In more ways than one. One reason so many of the financial institutions which have disappeared or have gotten into trouble is that they have hesitated to recognize that some of their decisions have been just awful. They have stuff on their books at valuations that are no longer close to reality, despite the general accounting rule that all assets should be on the books at their current market value–marking to market is the term accountants use. So instead of taking their medicine in one gulp, they dribble out write-downs every quarter. Goldman, on the other hand, marks its assets to market every day.
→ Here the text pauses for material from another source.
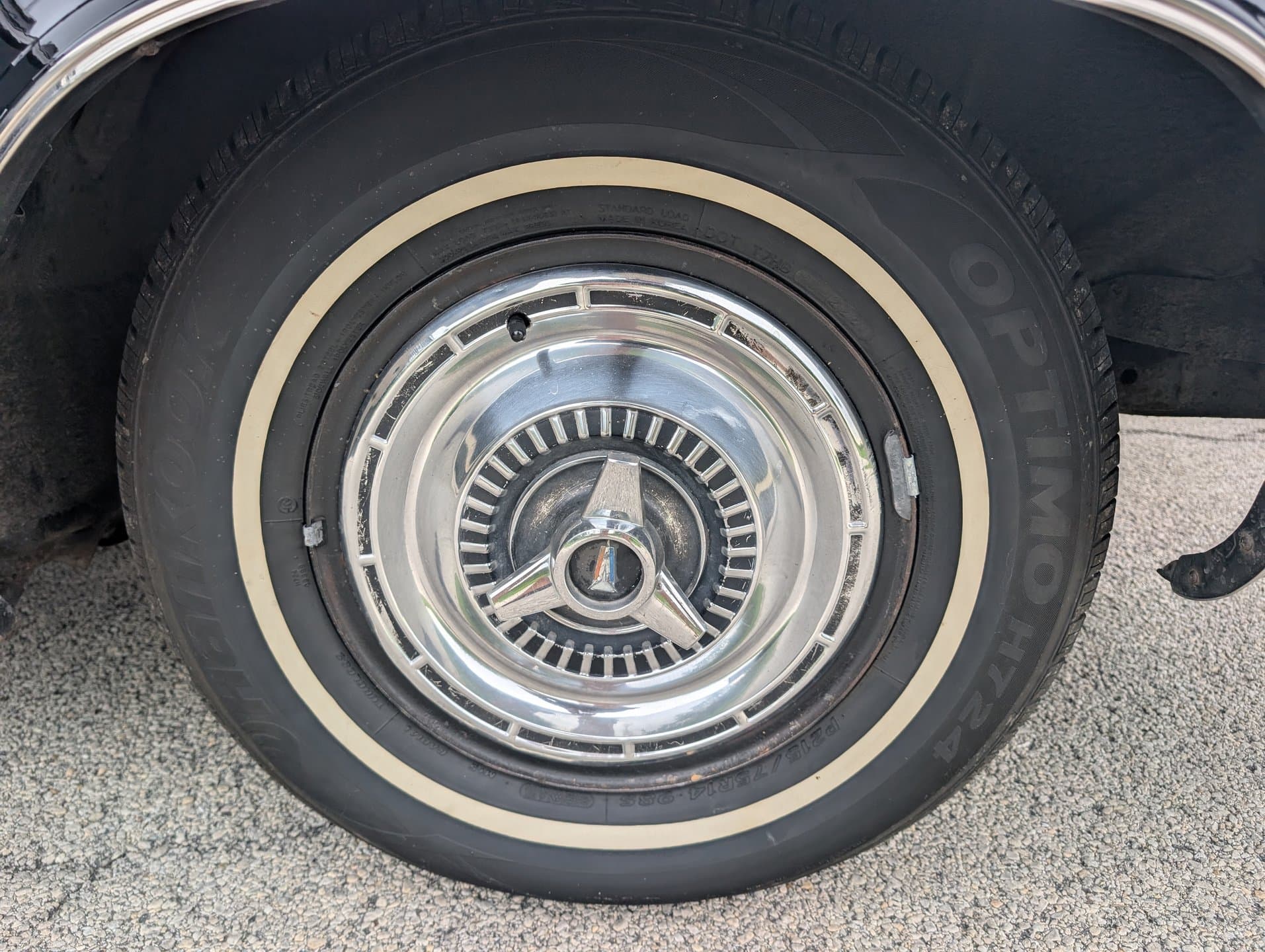 1964 Chrysler Newport Convertible thumbnail 25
And more or less gets it right: in the vast majority of its recent sale of mortgage assets, the firm realized prices equal to or in excess of the values it had assigned to these assets.

This is not a pitch for Goldman Sachs. I have no way of knowing whether in the long run it will benefit more from being one of the last banks of its kind, with less competition, than it will be hurt by the slowing of economic activity and deal-making. But I do know that if we end up without these independent sources of ideas and risk-taking, the nation will be the poorer.

I also know that it is more important than ever to preserve independent sources of ideas now that we are likely to have more intrusive government regulation of the financial sector. With some justification. Recent financial innovations created securities so complex that risk managers and rating agencies proved unable to appraise the risks associated with these complicated securities. Since they and their bank colleagues were quite willing to reap the profits, they should also be made to reap the whirlwind. After all, Hank Paulson has to draw the bail-out line somewhere, and that somewhere is where he drew it in the case of Lehman Brothers–or thought he did. The theory is clear: in the case of Freddie Mac, Fannie Mae and AIG, the collateral damage of their failure was too gruesome to contemplate. Not so with Lehman Brothers–right? Surveying the devastation caused by its demise, one has to wonder. Still, it can well be argued that if finance capitalism cannot survive the failure of single investment bank, perhaps capitalism should finally be consigned to the dustbin of history.

Which, fortunately, it will not be. Sensible policy trumps panic every time. Yes, there will be some painful adjustments. And yes, the financial sector will never be quite the same again, with a new mix of public and private sector emphasis. But the dustbin of history will just have to wait for the consignment that will someday follow communism–and it won’t be American capitalism.

Irwin M. Stelzer is a contributing editor to THE WEEKLY STANDARD, director of economic policy studies at the Hudson Institute, and a columnist for the Sunday Times (London).

This article has been modified since it first appeared.